§ **WHAT TO DO**
Every entry must come back exactly as it was written.
======
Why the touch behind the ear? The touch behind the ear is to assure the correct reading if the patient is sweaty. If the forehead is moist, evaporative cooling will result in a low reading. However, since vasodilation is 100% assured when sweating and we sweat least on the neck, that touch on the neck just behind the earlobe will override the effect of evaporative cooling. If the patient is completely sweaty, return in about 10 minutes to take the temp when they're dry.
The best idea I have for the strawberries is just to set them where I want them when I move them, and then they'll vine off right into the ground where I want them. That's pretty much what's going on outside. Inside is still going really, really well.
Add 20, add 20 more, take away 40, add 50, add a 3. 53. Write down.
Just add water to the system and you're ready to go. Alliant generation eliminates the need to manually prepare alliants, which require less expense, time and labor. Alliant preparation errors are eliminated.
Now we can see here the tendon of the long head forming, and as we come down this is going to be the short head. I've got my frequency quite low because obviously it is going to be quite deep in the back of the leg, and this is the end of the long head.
======
§ **RESPONSE TO THIS TASK**
Why the touch behind the ear? The touch behind the ear is to assure the correct reading if the patient is sweaty. If the forehead is moist, evaporative cooling will result in a low reading. However, since vasodilation is 100% assured when sweating and we sweat least on the neck, that touch on the neck just behind the earlobe will override the effect of evaporative cooling. If the patient is completely sweaty, return in about 10 minutes to take the temp when they're dry.
The best idea I have for the strawberries is just to set them where I want them when I move them, and then they'll vine off right into the ground where I want them. That's pretty much what's going on outside. Inside is still going really, really well.
Add 20, add 20 more, take away 40, add 50, add a 3. 53. Write down.
Just add water to the system and you're ready to go. Alliant generation eliminates the need to manually prepare alliants, which require less expense, time and labor. Alliant preparation errors are eliminated.
Now we can see here the tendon of the long head forming, and as we come down this is going to be the short head. I've got my frequency quite low because obviously it is going to be quite deep in the back of the leg, and this is the end of the long head.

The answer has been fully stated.